4.6 Sierpinski polygons
In the first chapter we showed fractals built from regular polygons with two (Cantor’s dust), three (Sierpiński’s triangle) and four (Sierpiński’s carpet) sides.
It turns out that you can construct a fractal based on any regular polygon. Let \(n\) denote the number of sides of the polygon. We will construct the fractal by using transformations that either scale or shift the figure.

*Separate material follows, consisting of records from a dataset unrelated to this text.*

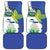 El Salvador Independence Day Car Mats Dios Union Libertad - Wonder Print Shop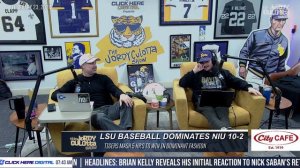 The Jordy Culotta Show | LSU Baseball Beats NIU 10-2 | LSU WBB Beats Auburn 71-66 | LSU Football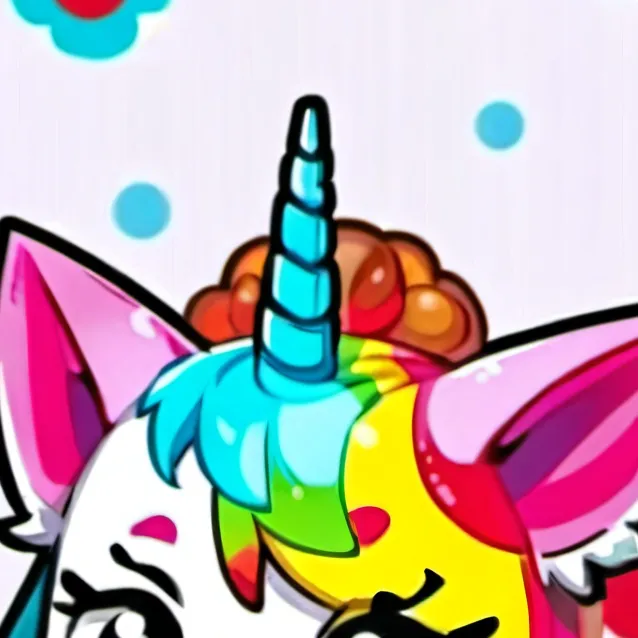 chat with ai character: Princess Unikitty 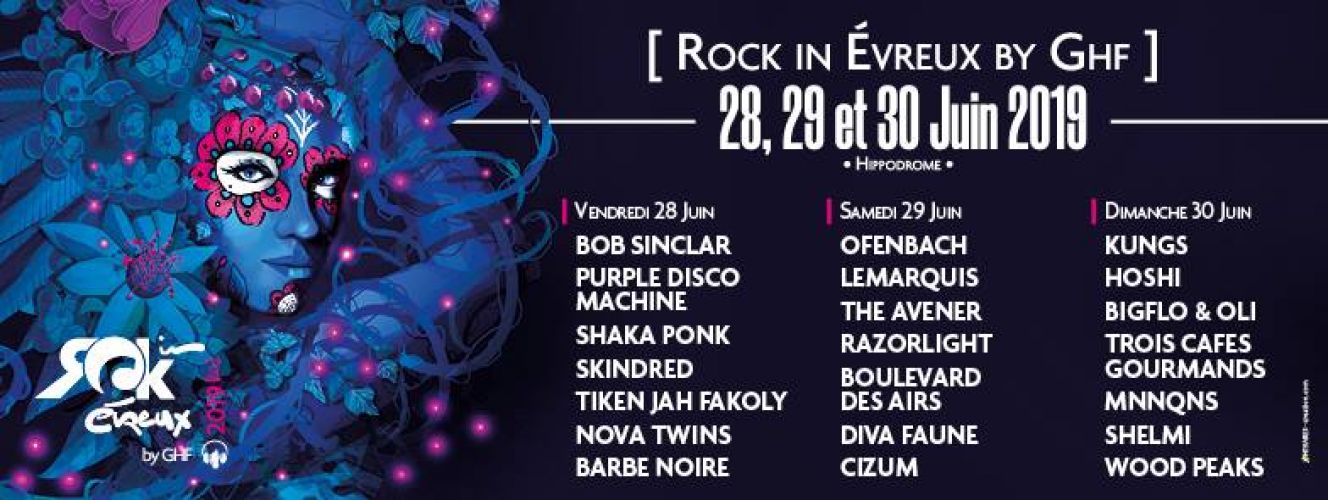 Rock in Evreux by Ghf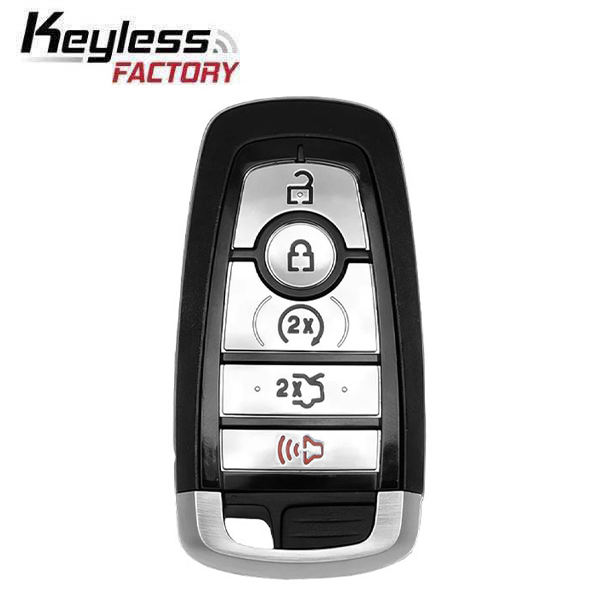 2023-2025 Ford Mustang / 5-Button Remote Smart Key / M3N-A3C108397 (AFTERMARKET)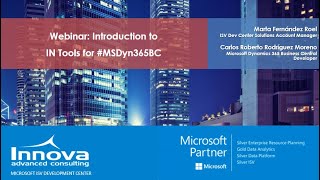 Webinar IN Tools for #MSDyn365BC (ENGLISH)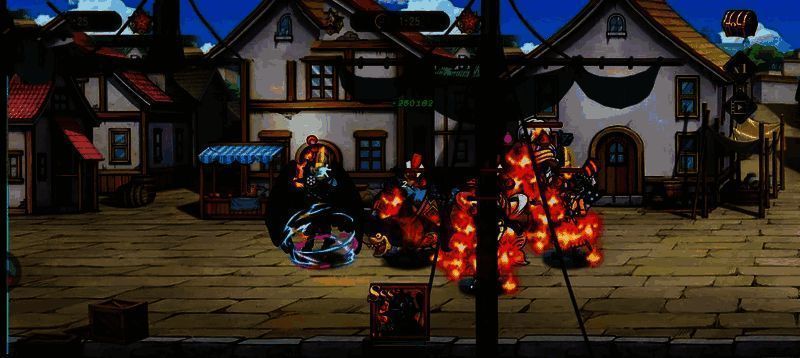 一技能飞龙冲击图片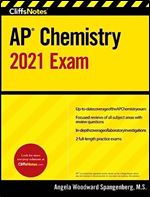 CliffsNotes AP Chemistry 2021 Exam: 2021 Exam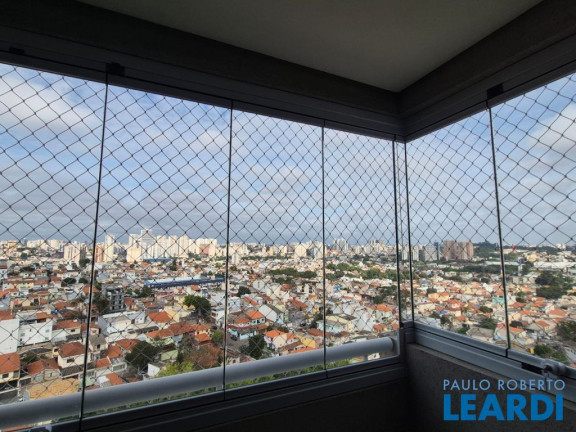 Imagem Apartamento com 2 Quartos à Venda, 52 m² em Vila Scarpelli - Santo André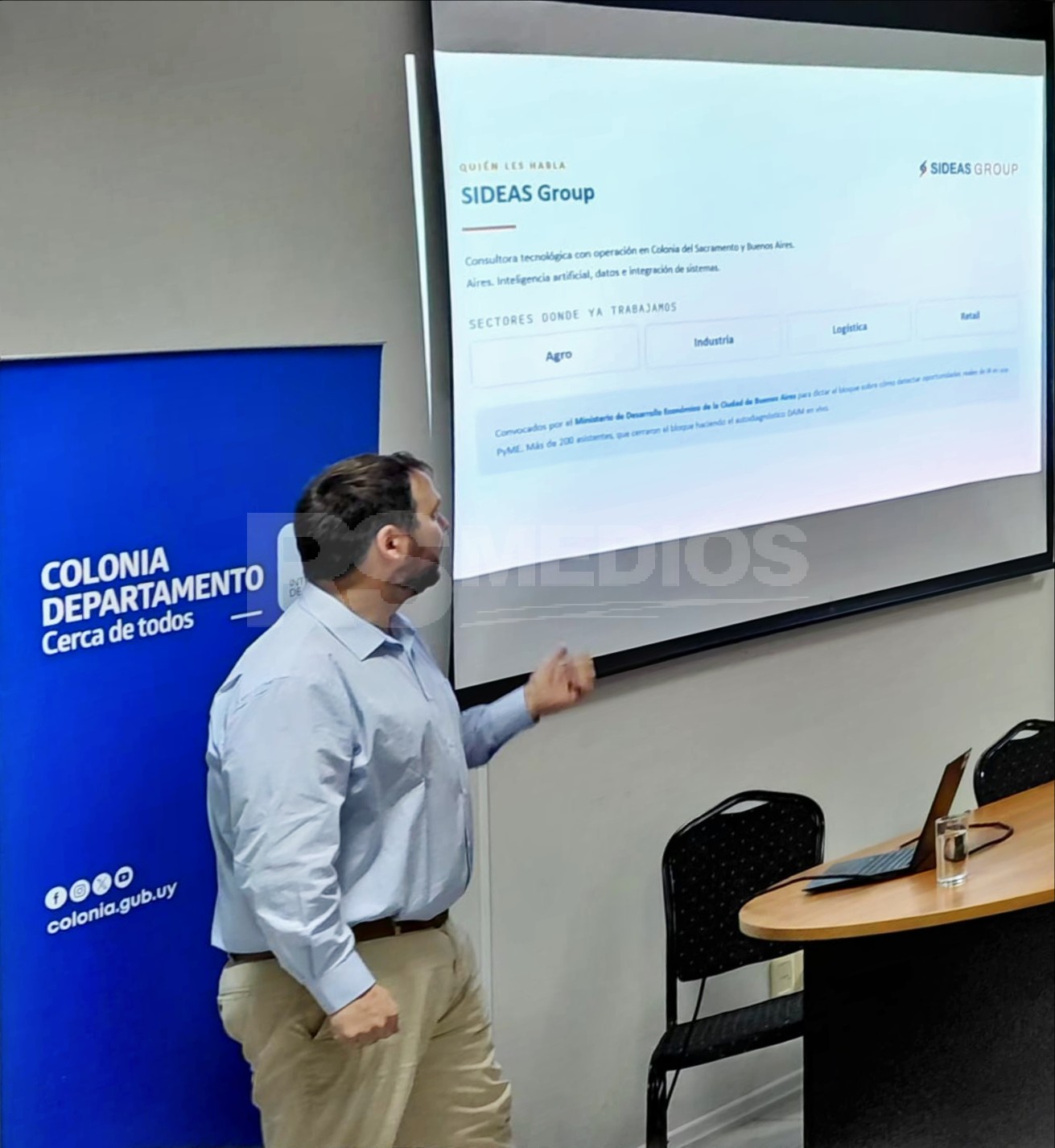 Colonia impulsa la digitalización y la IA en pymes con un encuentro formativo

For the \(n\)-gon, the scaling factor is described by the formula:
\[ r_n = \frac{1}{{2 \; \left( {1 + \sum\limits_{k = 1}^{\left\lfloor {n/4} \right\rfloor } {\cos \left( {\frac{{2\pi k}}{n}} \right)} } \right)}}, \]

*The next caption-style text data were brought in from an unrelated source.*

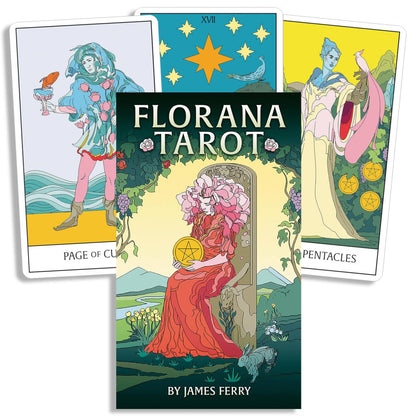 Florana Tarot - Taro kortos | U.S. Games Systems
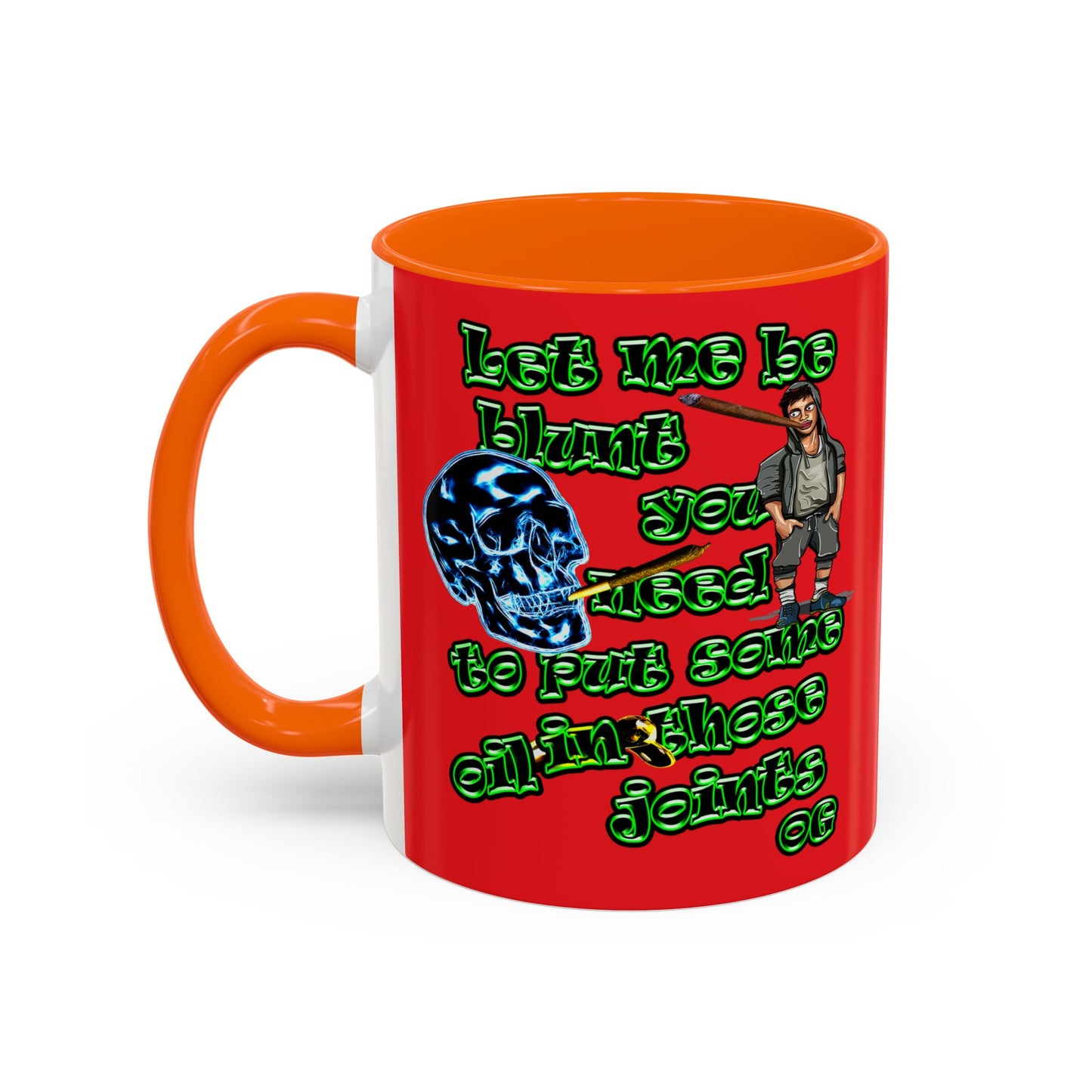 og - Accent Mug (red)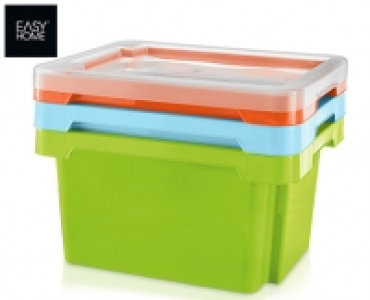 EASY HOME&reg;1 Drehstapelbox oder 2 Deckel f&uuml;r Drehstapelbox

where \(\left\lfloor {n/4} \right\rfloor\) is the floor function of \(n/4\), which is the largest natural number not greater than \(n/4\).
The scaled figures should be shifted into the sides of the regular polygon, where the shift parameters for \(k\)-th transformation can be derived from the formula:
\[ (1-r_n) \left[ {\begin{array}{*{20}{c}} { \cos \left( {\frac{{2\pi k}}{n}} \right)} \\ { \sin \left( {\frac{{2\pi k}}{n}} \right)} \\ \end{array}} \right]. \]
For example, when building a fractal based on a regular pentagon, we should use five transformations. Each scales the figure by:
\[ r_5 = \left( 2 + 2\cos\left(\frac{2\pi}{5}\right) \right)^{-1} \approx 0.381966 \]
and shifts by (for k = 1, …, 5):
\[ (1-r_5)\left[ {\begin{array}{*{20}{c}} { \cos \left( {2\pi k / 5} \right)} \\ { \sin \left( {2\pi k / 5} \right)} \\ \end{array}} \right]. \]
Examples of fractals for \(n=4; 5; 6; 8\) are located in the margin.
By experimenting with the scaling factor and with the coloring of individual points, we can get very fancy patterns. Shown in the margin is a Sierpiński pentagon with a scaling factor of 0.4 in which the colors of the points depend on the transformation used.